If a restaurant’s bar is intended to be a part of a dining experience and not just a destination for drinks, views are paramount. At The Dabney, the 10-foot hearth and expo table are visible from every seat at the bar, giving patrons views of the food coming out of the kitchen and increasing the likelihood they’ll be ordering. Small pots of herbs used in cocktails sit on the bar top, providing a reminder of the restaurant’s rooftop garden, and a row of salvaged windows lining the back bar hints at the dining room beyond. When you’re sitting at a bar and facing the wall, every visual cue counts.
Chef’s counters are appealing, but unless the chefs are directly interacting with the patrons, they can result in a disappointing dining experience. At New York’s Brooklyn Fare and Washington, D.C.’s Red Hen, the pitfalls of chef’s counter service are avoided by wrapping a bar in front of an open kitchen. Bar patrons face the action in the kitchen while receiving service from a bartender, and the staff gains a protected service aisle between the bar and kitchen.

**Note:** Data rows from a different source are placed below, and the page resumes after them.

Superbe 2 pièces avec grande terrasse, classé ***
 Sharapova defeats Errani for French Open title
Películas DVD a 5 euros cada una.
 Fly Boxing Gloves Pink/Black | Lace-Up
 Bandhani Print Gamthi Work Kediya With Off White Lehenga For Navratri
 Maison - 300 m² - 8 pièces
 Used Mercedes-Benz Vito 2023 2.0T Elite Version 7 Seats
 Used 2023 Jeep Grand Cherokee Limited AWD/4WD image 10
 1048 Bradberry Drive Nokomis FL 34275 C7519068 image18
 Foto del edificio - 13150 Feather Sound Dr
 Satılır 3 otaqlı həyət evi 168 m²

Even at the highest levels of dining, a bar seat stacks up well against the dining room. In a recent chat about a new restaurant he rated four stars, The Washington Post’s food critic Tom Sietsema remarked, “I figured the counter at Pineapple and Pearls would be a lesser experience. But, boy, was I wrong.”
The appeal of dining at a bar isn’t limited to later hours, as the quicker service of having a bartender within a few steps lets people make the most of their lunch breaks. Beyond the staff, there are some small hospitality touches at a bar that can help elevate the experience — electrical outlets and USB ports under the bar for charging phones, as many purse hooks as possible, a small lip at the edge of the bar to prevent any spills from reaching diners.
Of course, allotting more area to bars and bar seating can have its drawbacks. On a square-foot basis, bar seating is less efficient than table seating. Peninsula or island bars, as seen at Gato in New York and Pier One Hotel in Sydney, can help alleviate this issue by providing greater efficiency in seat count and by allowing the bartenders to serve more patrons while covering less ground. With overflow crowds standing and the energy of a bar rising as the night goes on, bar areas can also be louder than dining rooms and require more sound treatment or physical separation from the dining area in more subdued restaurants. It’s harder to control the guest experience at bars, but it’s a place more and more diners want to be. We should plan for it.